Eternal Light, a series of photographs by Kenro Izu currently on view at Howard Greenberg Gallery in New York, radiates the spiritually of India, its traditions, festivals, and rituals, in a series of portraits and landscapes from 2013 through 2015. Two holy cities, Varanasi and Allahabad, inspired Kenro Izu, who has traveled to India frequently since his first visit 20 years ago. With a name that means “city of light,” Varanasi is considered the spiritual capital of India, a destination for pilgrimages and, for Hindus, the final destination for those who wish to be cremated along the Ganges. Allahabad is the holy city where three rivers meet. The confluence point of the Ganges, the Yamuna, and the Saraswati rivers – called Triveni Sangam – is sacred, and bathing there is said to flush away all of one’s sins.
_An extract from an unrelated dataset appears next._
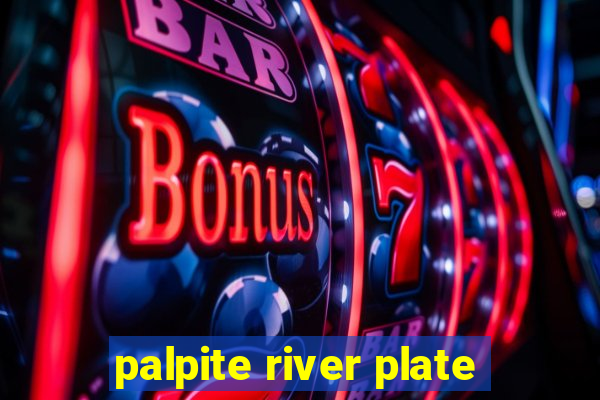 palpite river plate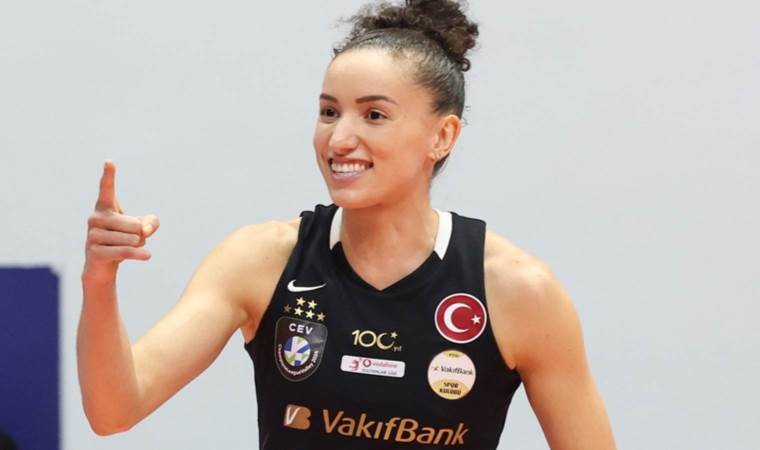 VakıfBank'ın Brezilyalı yıldızı kariyerindeki kırılma noktasını açıkladı!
Izu became immersed in Indian culture after receiving a rather unusual invitation in 1996. The artist was invited by a family in Varanasi to observe the cremation of a family member from beginning to end. The three-and-a-half hour ceremony took place by the Ganges. The body was covered in fabric and decorated with flowers and at the end nothing remained as the ashes were swept into the river. “It was an amazing experience. I was quite interested in the family’s attitudes. There was no weeping; only joking and laughing. It was so different from my culture,” notes Izu, who was born in Japan and moved to New York City in 1970.
In Eternal Light, Izu captures individual experiences of joy and suffering related to death and the afterlife. The Ganges and Yamuna rivers provide the setting for many of the images in the exhibition, and the photographs seemingly transcend earthly concerns. Often a thick fog envelops his subjects as family members mourn a life and birds flock over the river. In the city of Vrindavan, he photographed among the thousands of temples dedicated to Krishna, and finds unexpected vistas in the turn of an alley where a grand gate can lead to a rundown home for the poor.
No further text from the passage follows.